Before we start, I’d like to welcome readers from the Philippine Explorer section of Inquirer.net’s Global Nation, which had a short feature on Vista Pinas. Hope you enjoy the site!
A few months back, Migs asked in a comment how I managed to find Erap’s rest house in Tanay, Rizal. Well, I did not specifically search for the place inasmuch as I stumbled onto it while searching for places to feature here in Vista Pinas. So I’d like to explain now some of the methods and websites I use to look for sights.
- WaypointsDotPH. This is the web’s largest collection of GPS-referenced locations in the Philippines. I often go to their website to look for interesting locations (like churches and National Shrines) and simply plug-in the coordinates from the website into Google Maps to find the location. Often, many locations there have narratives and photos to help me jumpstart my research. An example sight I featured using WayPointsDotPH is the entrance to Palawan’s underground river. (See the WaypointsDotPH page.)
- Wikimapia. Wikimapia aims to be a wiki-style Google-Maps-annotation website. Users of the site can mark places on the map and add descriptions, while other users can then provide comments. While the signal-to-noise ratio here is low (there are tons of “my house!” places there), there are quite a few gems. (And you really have to cross-research to verify that the marked place is indeed the correct one.) For Vista Pinas, I found Erap’s Tanay rest house from Wikimapia (see their page).

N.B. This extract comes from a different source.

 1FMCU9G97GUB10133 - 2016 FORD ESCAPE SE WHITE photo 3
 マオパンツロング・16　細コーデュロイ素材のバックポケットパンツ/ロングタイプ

- mapCentral. This is the only website I’ve seen that has a comprehensive road map of the Philippines. I usually use this website to verify the location of a candidate site, especially if there’s an approximate address or street. But occasionally, I use it to actually find places, instead of just as a cross-checking tool, like I did with Xavier University (check out mapCentral’s result page).
- Google Earth and the Google Earth Community. Nothing beats roof-surfing in Google Earth and using its Google Earth Community (formerly the Keyhole BBS) layer. Lots of people post placemarks to the online forum and a selection of those is added as a data layer in Google Earth. That’s how I found out about Lignon Hill (view the forum thread about it).

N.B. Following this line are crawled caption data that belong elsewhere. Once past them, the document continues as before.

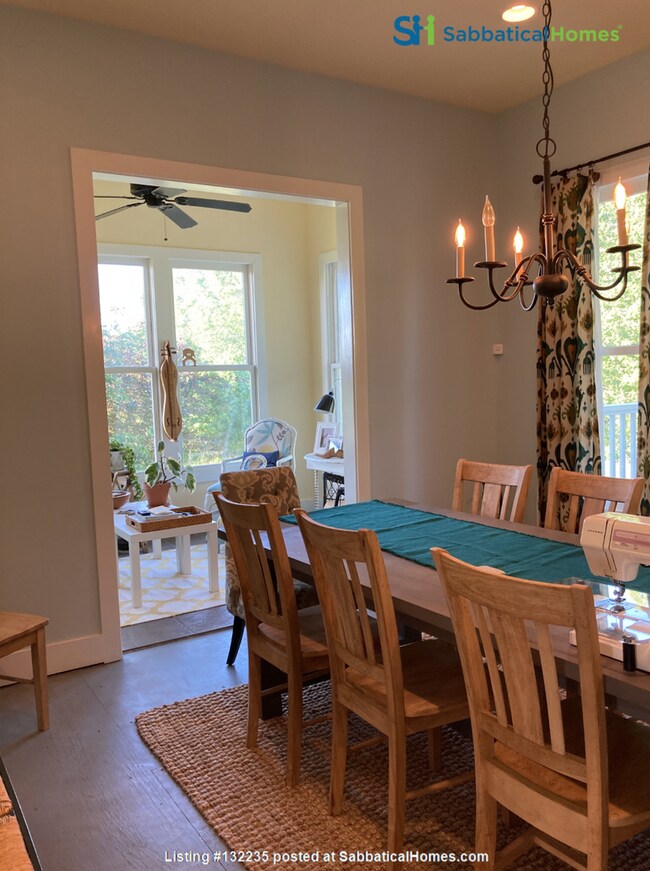 Building Photo - Turnkey Furnished Home on 5 Acres – Just B...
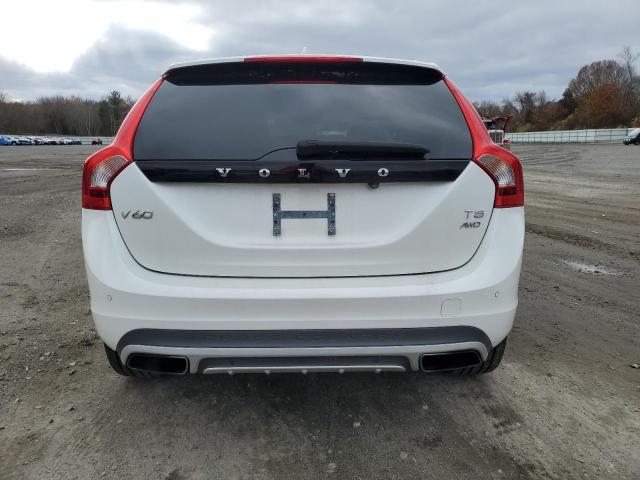 2015 VOLVO V60 CROSS YV4612HK8F1000451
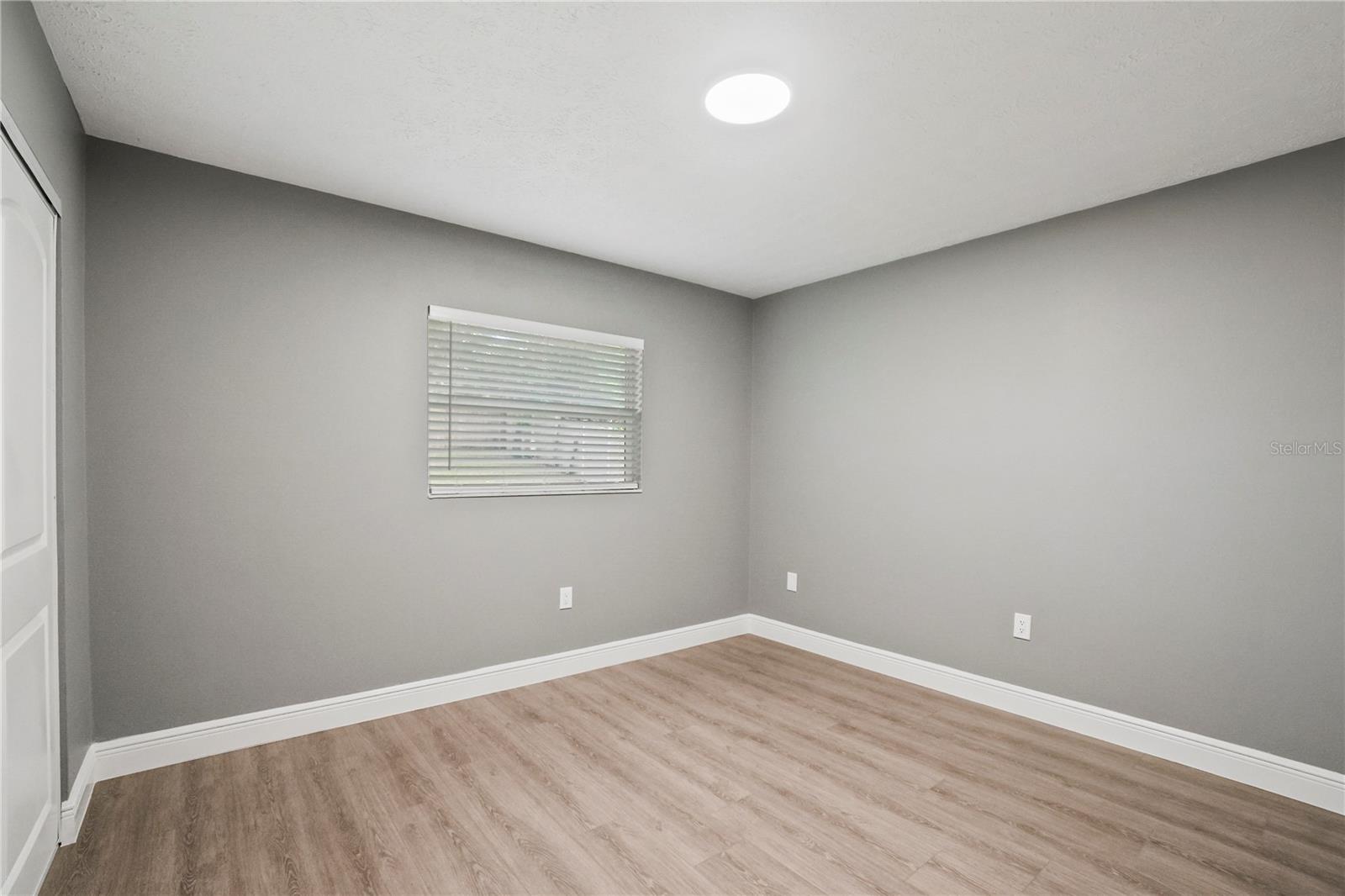 1901 Lakeview Dr Property Photo 15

- Photo forensics. Things look quite strange and unfamiliar from way up in space. That’s why I often search for pictures on Flickr and Google Image Search to verify if the place I’m looking at in Google Maps is correct. Possibly the most ambitious sight I did “photographic forensics” on is the location of two of the Bells of Balangiga in Cheyenne, Wyoming. Read that post to learn how I located the bell memorial.
Well, was that too geeky for you? Hehehe.